The hon. member went further. In the second place he said that this legislation which was introducing a new concept into international law was now giving franchise—he must listen carefully now—to foreigners in South Africa.
†Let us analyse this statement. By coming to this conclusion the hon. member has acknowledged as a matter of principle the independence of the national States that have already become independent. He called these people foreigners. The hon. member argues that these people are in fact foreigners because they live in a foreign State. There is only one implication from that argument and that is the fact that the hon. member accepts not as a matter of law but as a matter of fact the concept of independent States.
That is what you say.
Furthermore, the hon. member says that we must disenfranchise the people living in a foreign country because of the fact that they live there.
Just like the Xhosas.
Just one moment. This is important. I shall be obliged if the hon. member will not talk about something about which he knows nothing because exactly the same position now applies as far as the Xhosas are concerned. That is that whether or not they live in this State they have the vote in their State. The position is exactly the same except in reverse. However, I do not wish to start an argument on an interjection. The point that the hon. member makes is that if one does not live in one’s country one should not have the vote. In other words, before a man applies for citizenship of another country he must forfeit his voting rights in his country of origin.
May I ask you a question?
No, please.
So if you live in Holland, you will not have a vote in South Africa?
That is the point.
That is determined by the laws. [Interjections.]

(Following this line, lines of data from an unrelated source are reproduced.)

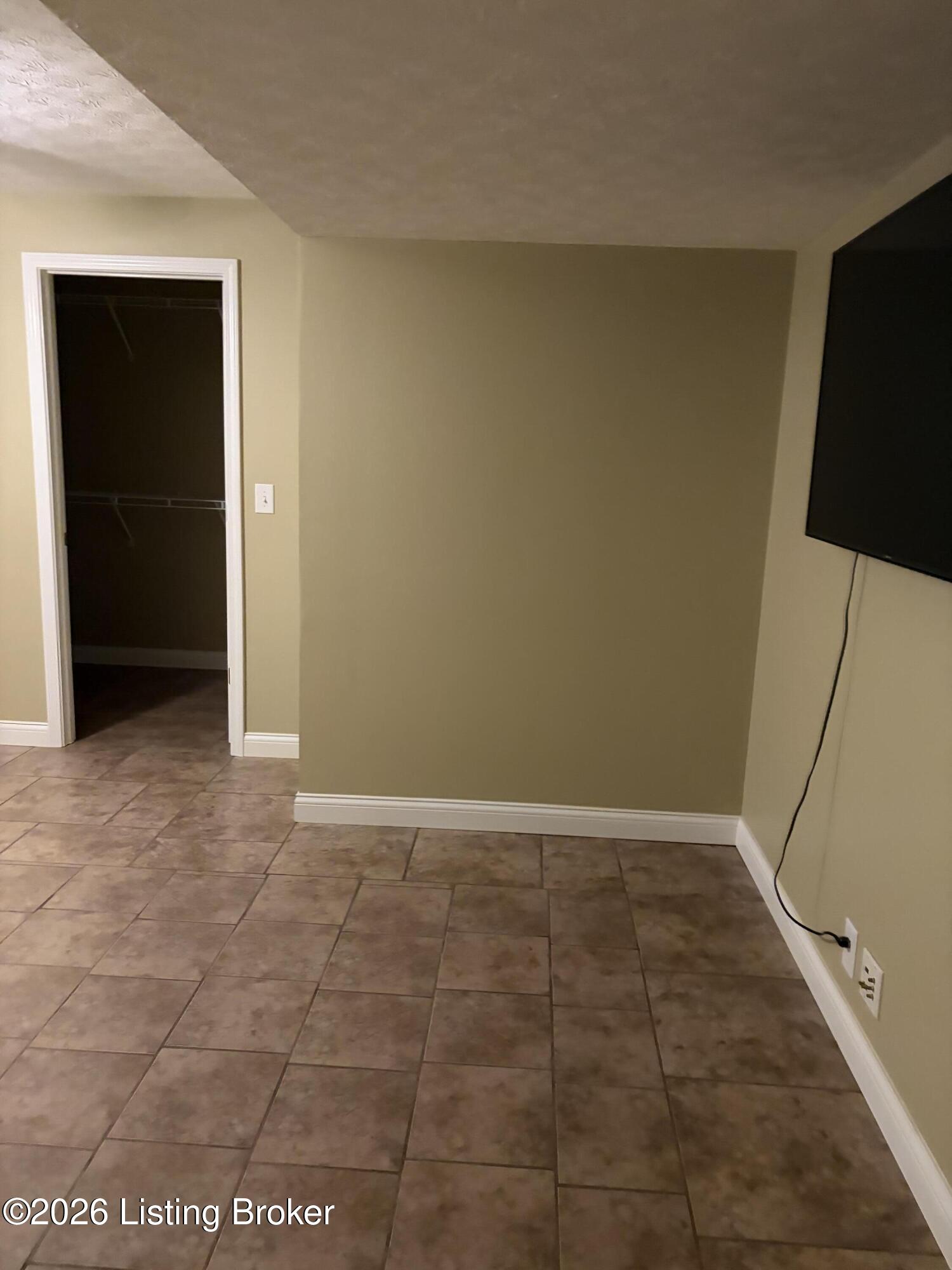 159 Wiltshire Ave Property Photo 23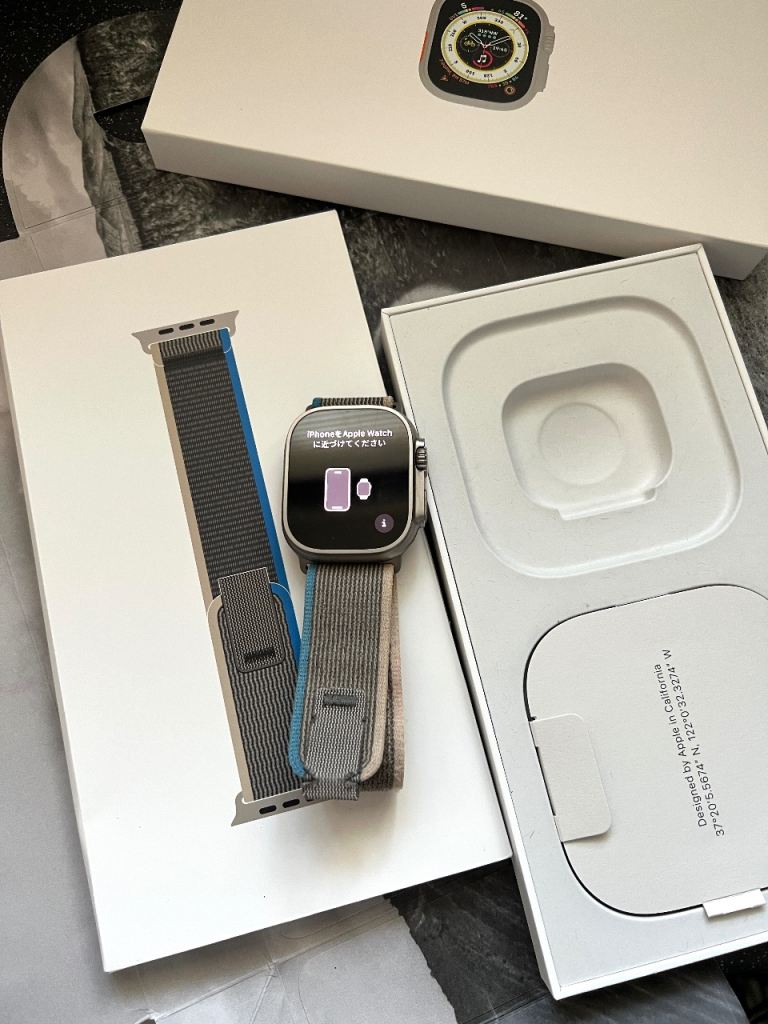 Apple Watch Ultra 49mm Cellular + GPS Titanium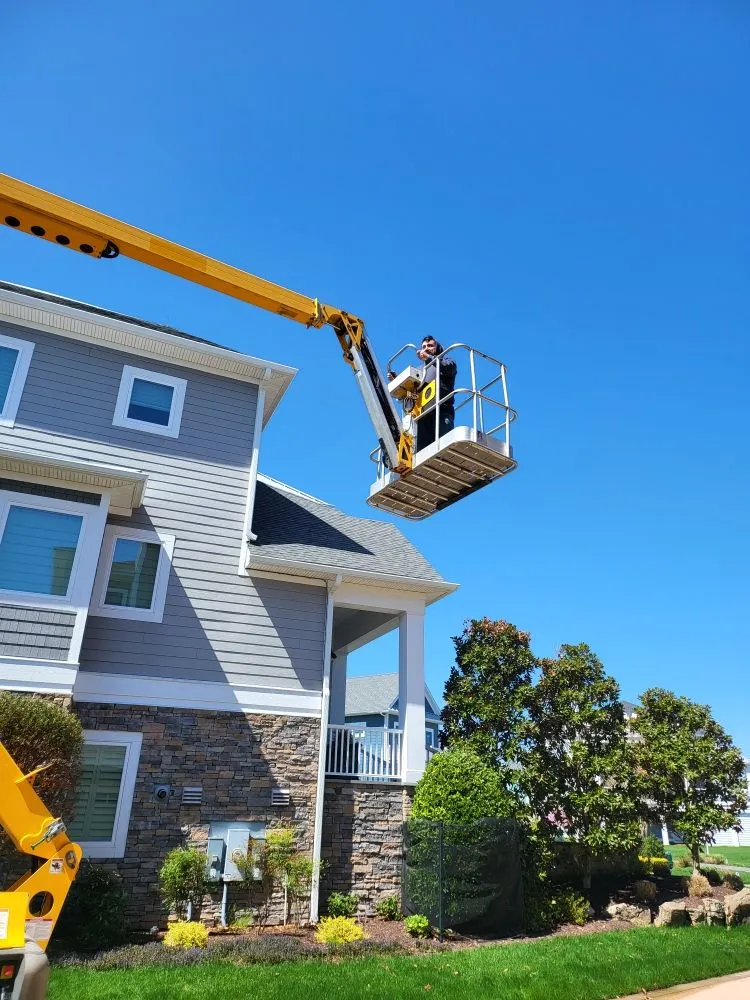 Emergency electrician providing lighting installation in , 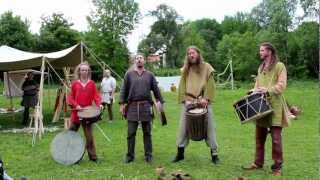 Strupesang Skvalthr 4 Trondheim vikingmarked 20120623 [upl. by Tingey451]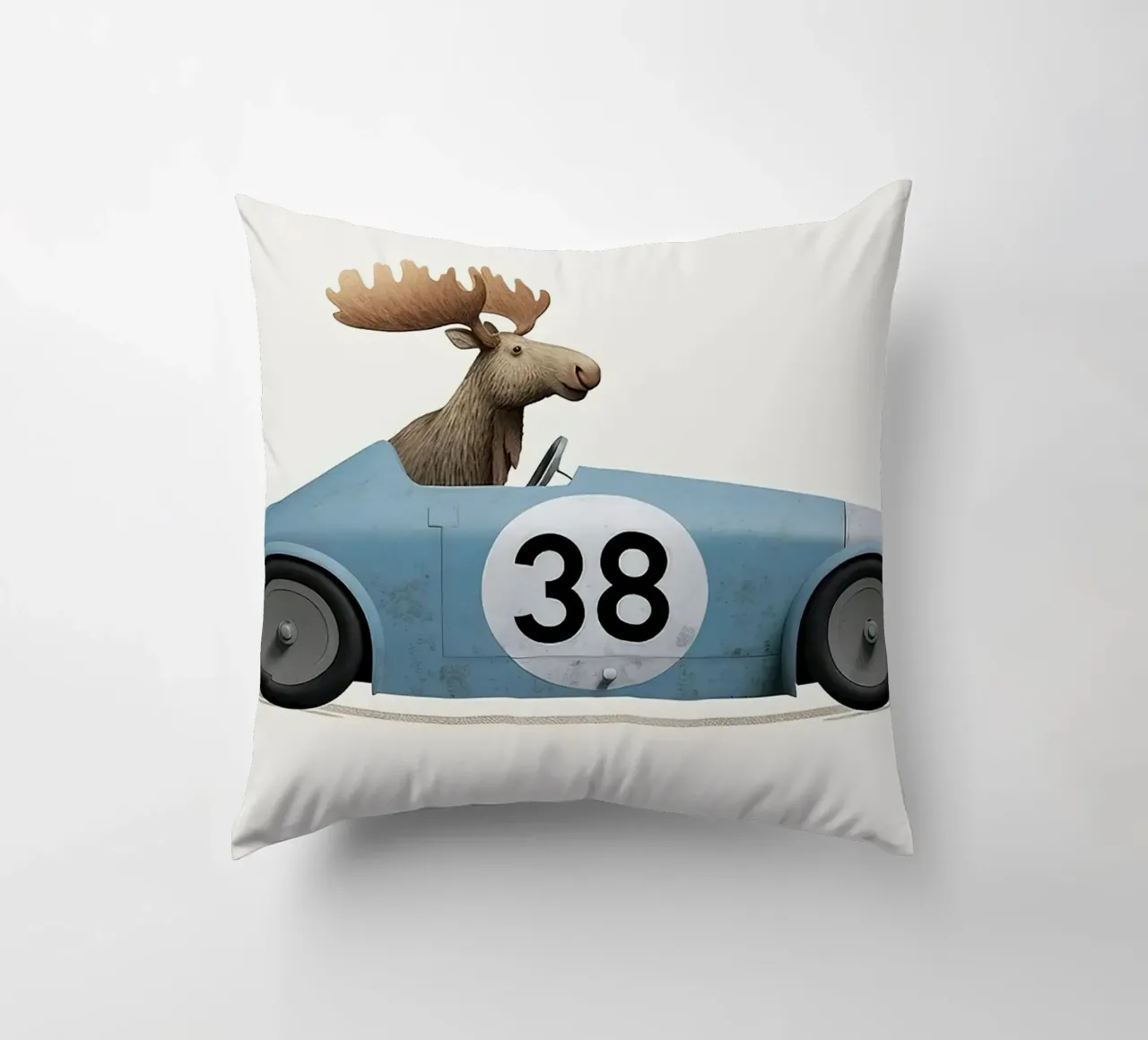 Alce in auto giocattolo cuscino da Emil Art Studio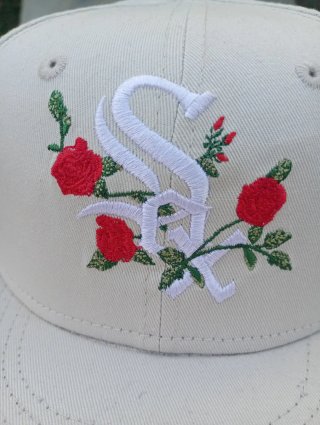 Cappellino New Era Beige con Rose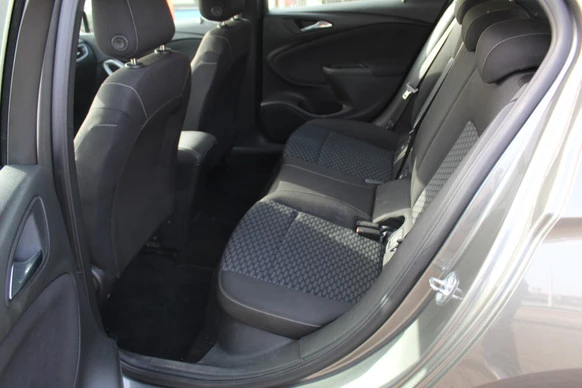 Opel Astra - Afbeelding 17 van 30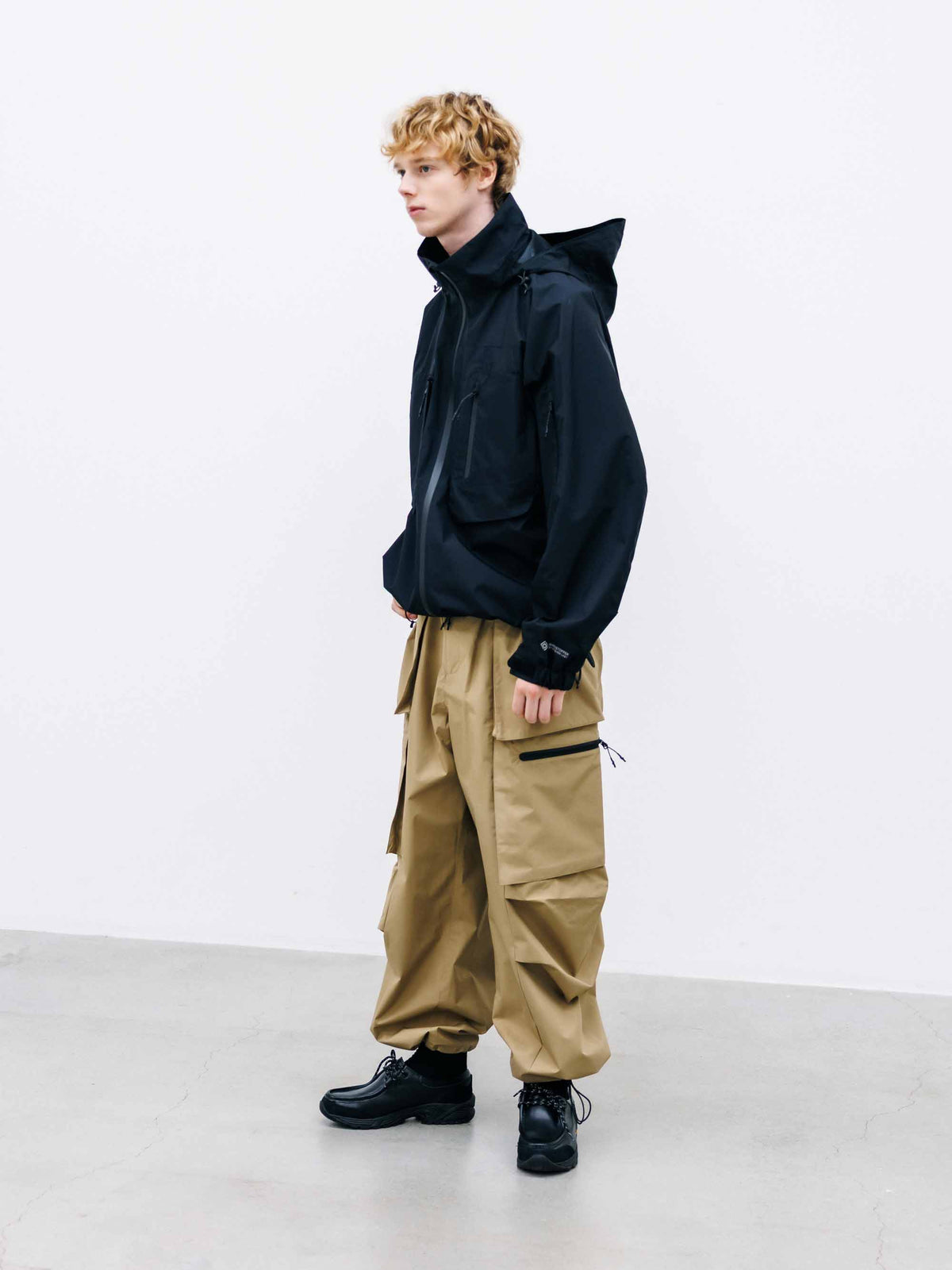 【9.26 SAT 20:00- IN STOCK】+phenix WINDSTOPPER® by GORE-TEX LABS CITY MILITARY CURVE PANTS (CAMEL BEIGE)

*Sir, the hon. member for Bezuidenhout argues just like a sieve. The fact is that different countries have different electoral systems.
South Africa, too, has an electoral system for Whites.
Exactly, but it has an electoral system for Black people and for Indians as well. [Interjections.] France, too, has such a system. [Interjections.] Oh please, colleague, give me a chance! Portugal has a representative Cabinet. I am speaking about the argument as to whether there is a precedent for the specific procedure.
Not in South Africa. Not for Whites.
Whites who live in Transkei may vote in South Africa.
But Whites living in Holland may not!
Sir, a White …
We caught you out. You are discriminating against the Whites! [Interjections.]
The hon. member for Pinetown and the hon. member for Port Elizabeth Central are arguing about a point for which this legislation does not make provision. This legislation does not regulate the franchise of people who live in independent States in this country. This has already been regulated by the 1978 Law. All that this legislation provides for is the constituency in which the voters who are entitled to vote under the existing legislation will cast their votes. Surely this is not so difficult for a lawyer to understand, or at least for most lawyers, and the hon. member will forgive me for this remark. Before this debate goes any further and hon. members begin to support me in another way, which does not really amount to support at all, I shall conclude.
Question agreed to.
Bill read a Second Time.
Bill not committed.
Bill read a Third Time.
Mr. Speaker, I move—
I would advise hon. members not to be so voluble in their support of this legislation as they were in the case of the Bill we have just dealt with.
†The members of the Executive Committee of the South African Indian Council held discussions with me on 26 June 1981 at Durban in connection with certain procedural matters and matters of principle with regard to the composition of the South African Indian Council and its Executive Committee in the light of the forthcoming general election on 4 November 1981 of the members of the council.
The present council and its Executive Committee must in terms of the existing legislation dissolve before the date on which the general election of the members of the Council is announced by the State President by proclamation in the Government Gazette, i.e. 4 September 1981.
As a result of my discussions with the Executive Committee and in order to provide for this transitional period in future, it is proposed in clause 1 that the Minister shall have the power to summon the council for the dispatch of business and that the council and its Executive Committee shall continue their functions until the day immediately preceding the polling day for the election in pursuance of the dissolution. Provision is also made in clause 3 that the term of office of the present council and its Executive Committee will extend to the day immediately preceding the polling day for the first general election of the members of the Council.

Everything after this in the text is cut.